In this case, a foreign pension received from the Foreign Fund is assessable income in accordance with section 27H of the ITAA 1936.

Under our tax treaties, foreign tax authorities tell us amount foreign source income paid to (and the tax withheld from) Australian resident taxpayers. We use that information to check tax returns, making sure you show your foreign income correctly on your tax return.

Undeducted purchase price (UPP) of a foreign pension or annuity

You may be entitled to claim a deduction to reduce the taxable amount of the pension or annuity income if your pension or annuity has a UPP. Only some foreign pensions and annuities have a UPP.

The UPP is the amount you contributed towards the purchase price of your pension or annuity, that is, your personal contributions.

That part of your annual pension or annuity income which represents a return to you of your personal contribution is free from tax. This tax-free portion is called the deductible amount of the UPP and it is usually calculated by dividing the UPP of your pension or annuity by a life expectancy factor, according to life expectancy statistics.

Double taxation agreement (DTA)

Tax treaties are formal bilateral agreements between two jurisdictions, Australia has tax treaties with more than 40 jurisdictions.
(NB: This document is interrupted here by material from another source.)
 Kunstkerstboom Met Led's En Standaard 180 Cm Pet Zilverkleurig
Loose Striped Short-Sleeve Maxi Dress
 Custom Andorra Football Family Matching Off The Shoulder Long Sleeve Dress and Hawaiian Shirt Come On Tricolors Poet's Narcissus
A tax treaty is also referred to as a tax convention or double tax agreement (DTA) They prevent double taxation or fiscal evasion and foster cooperation between Australia and other international tax authorities by enforcing their respective tax laws.

Australia currently holds a DTA with the X Country.

Foreign income tax offset

Section 770-10 of the ITAA 1997 provides that you are entitled to claim a foreign income tax offset for foreign income tax paid in respect of an amount that is included in your assessable income.
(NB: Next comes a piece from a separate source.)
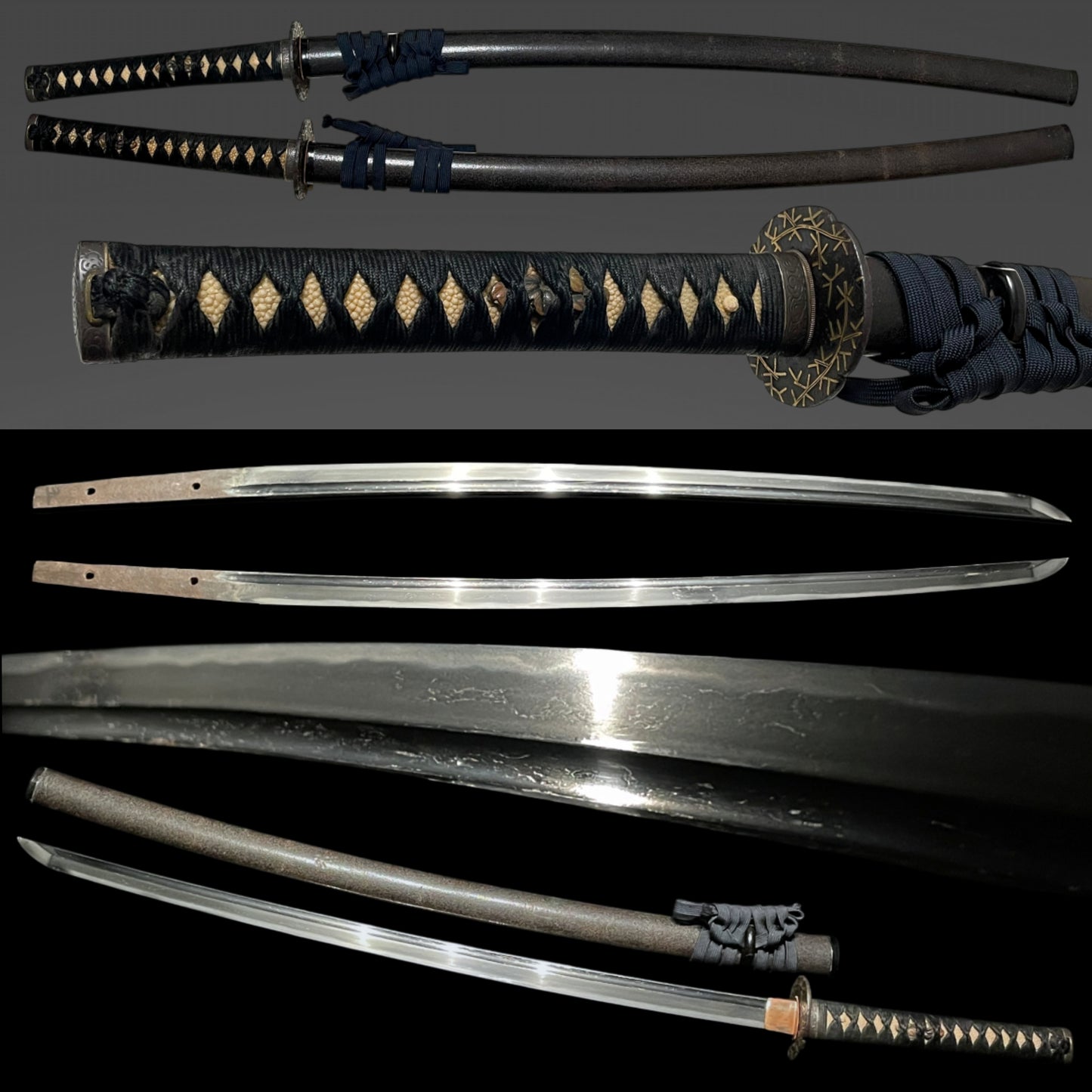 Bohi 棒樋 KATANA, Gold inlay TSUBA, Edo period mumei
Section 770-15 of the ITAA 1997 specifies that foreign income tax means tax that is imposed under a law other than an Australian law and is:

•         tax on income

•         tax on profits or gains, whether of an income or capital nature, or

•         any other tax that is subject to an agreement covered by the International Tax Agreements Act 1953.

Article 23 of the DTA with X country requires Australia to provide Australian residents a credit against their Australian tax liability for X country tax paid in accordance with the tax treaty on income or gains derived from X country sources which are taxable in Australia.

If you are claiming a foreign income tax offset of more than $1,000, you will first need to work out your foreign income tax offset limit. The offset limit is based on a comparison between your tax liability and the tax liability you would have if certain foreign-taxed and foreign-sourced income and related deductions were disregarded.